• [WHAT IS BEING ASKED]:
The records follow. Transcribe only the lines from the line containing "GA-Z97X-SLI" through the end, both ends included, and leave out the pictures.

• [INPUT MATERIAL]:
════════════════

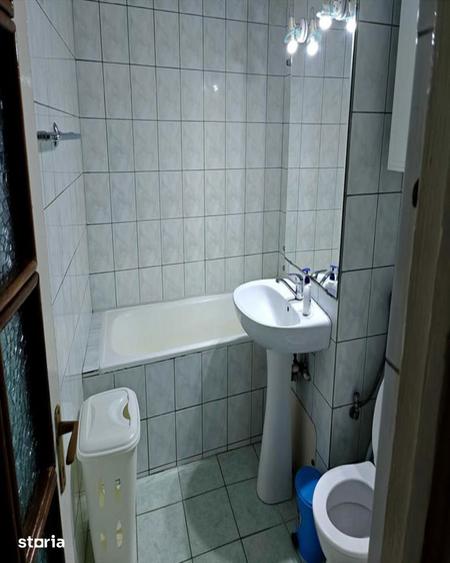 Vila 5 camere - Zona Dambovi?a - 1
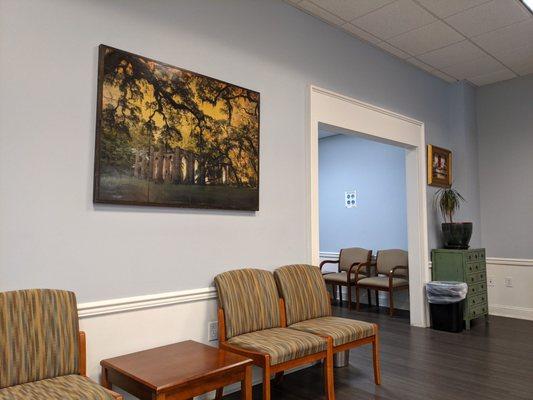 Physicians’ Eye Surgery Center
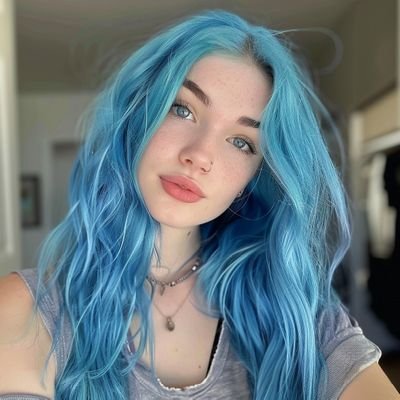 *nsfw* Fluid slut, (she/her), bi/switch (mostly sub), amab (yes i have a cock), kinky af, not looking. Pics are NOT me, wont send you pics. Dms open. š³ļøāā§ļø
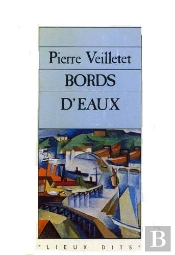 Bords D'Eau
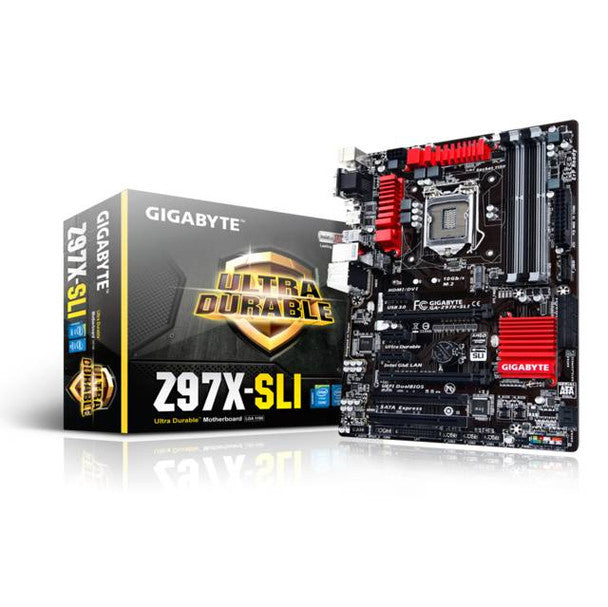 GA-Z97X-SLI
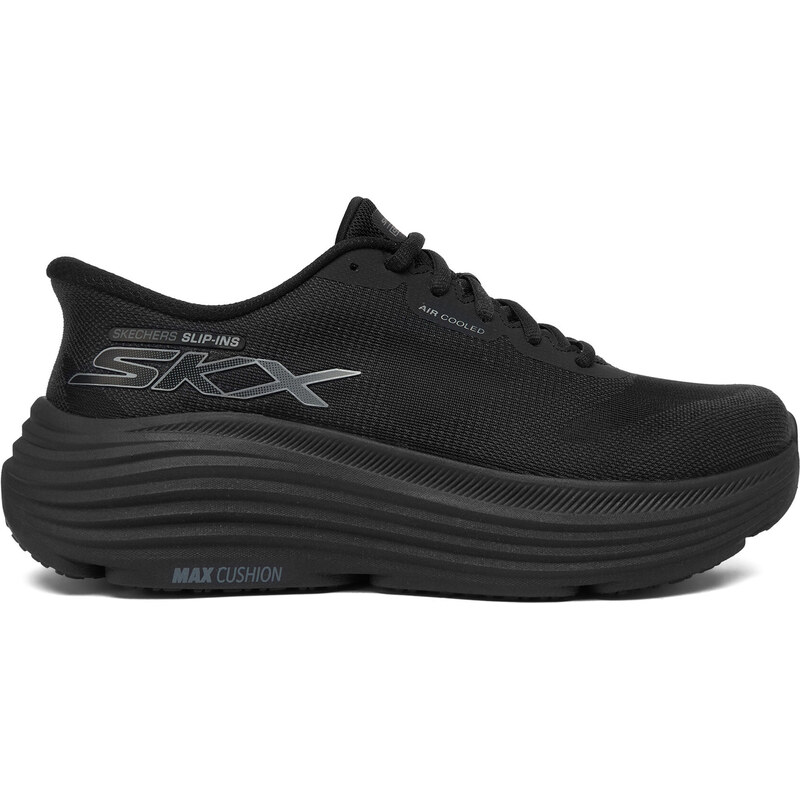 Běžecké boty Skechers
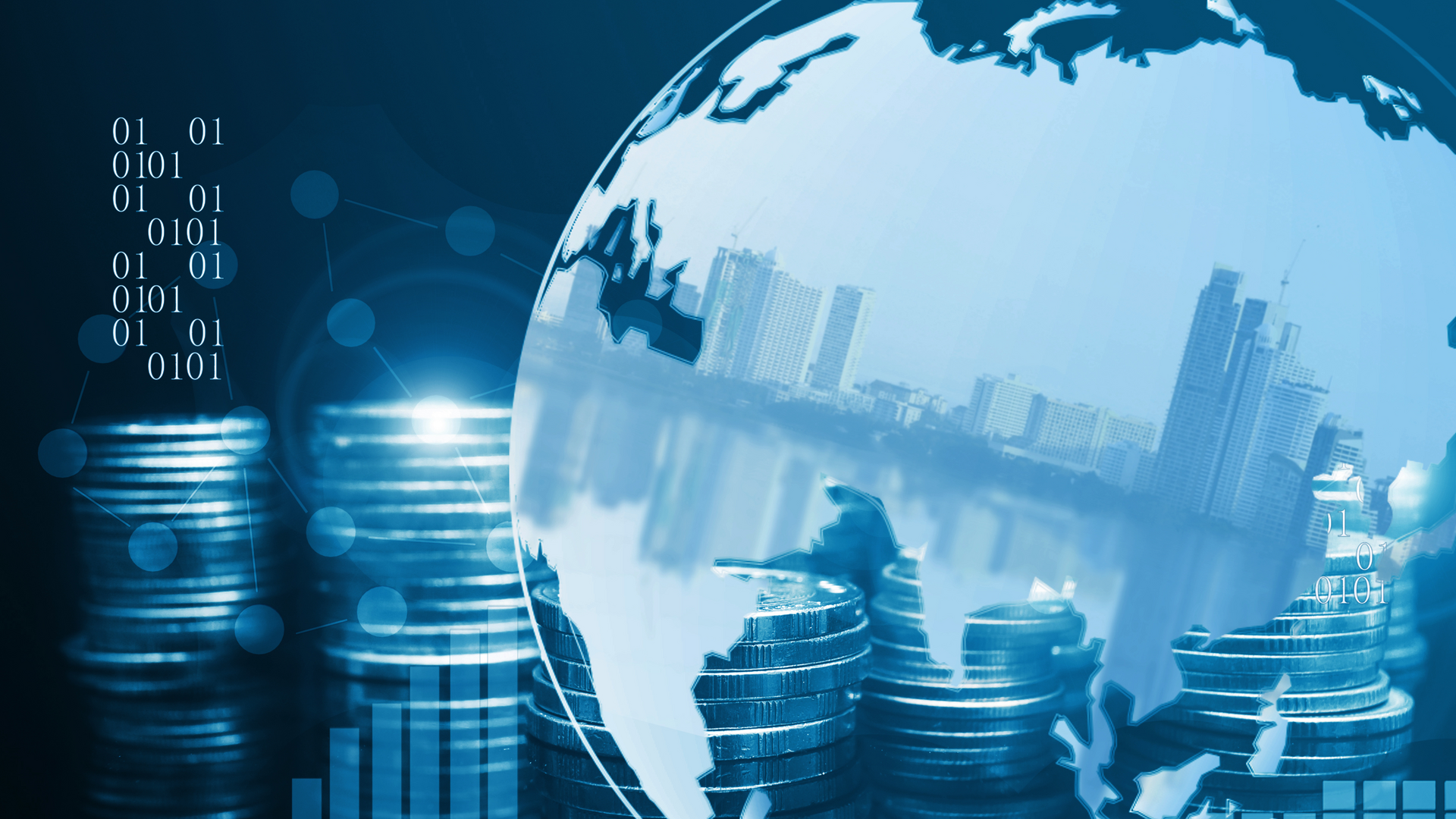 Chainlink Reserve approaches $20M in assets under management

════════════════

• [RESPONSE AREA]:
 GA-Z97X-SLI
 Běžecké boty Skechers
 Chainlink Reserve approaches $20M in assets under management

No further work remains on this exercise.